How to iterate over distinct dates in a table

I have the following table:

id date gap
1 2020-01-01 3
2 2020-01-01 5
3 2020-01-01 8
4 2020-01-02 6
5 2020-01-02 10
6 2020-01-02 12

I want to iterate over the distinct dates and fetch the two rows with the highest "gap" value.
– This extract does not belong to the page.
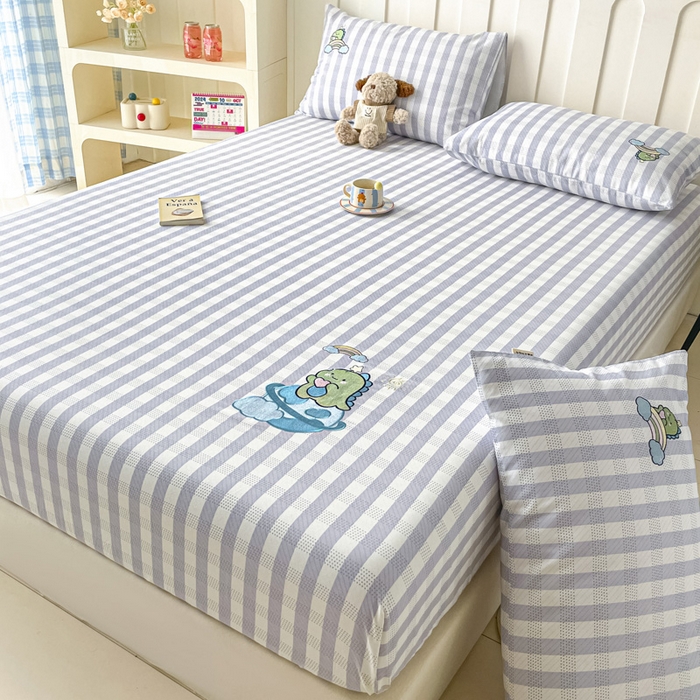 91家纺网 家纺一手货源 找家纺 雅居纺家纺 2026新款全棉绣花A类老粗布床笠单件床笠单品凉席席子 老粗布-星球恐龙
Desired result:

id date gap
2 2020-01-01 5
3 2020-01-01 8
5 2020-01-02 10
6 2020-01-02 12

I have attempted the following

DO $$
DECLARE
    temprow record;
BEGIN
FOR temprow in
        SELECT DISTINCT date 
        FROM table
    LOOP
        SELECT *
        FROM table
        ORDER BY gap DESC
        LIMIT 2;
    END LOOP;
END;
$$;

Giving me the following error:

ERROR: query has no destination for result data.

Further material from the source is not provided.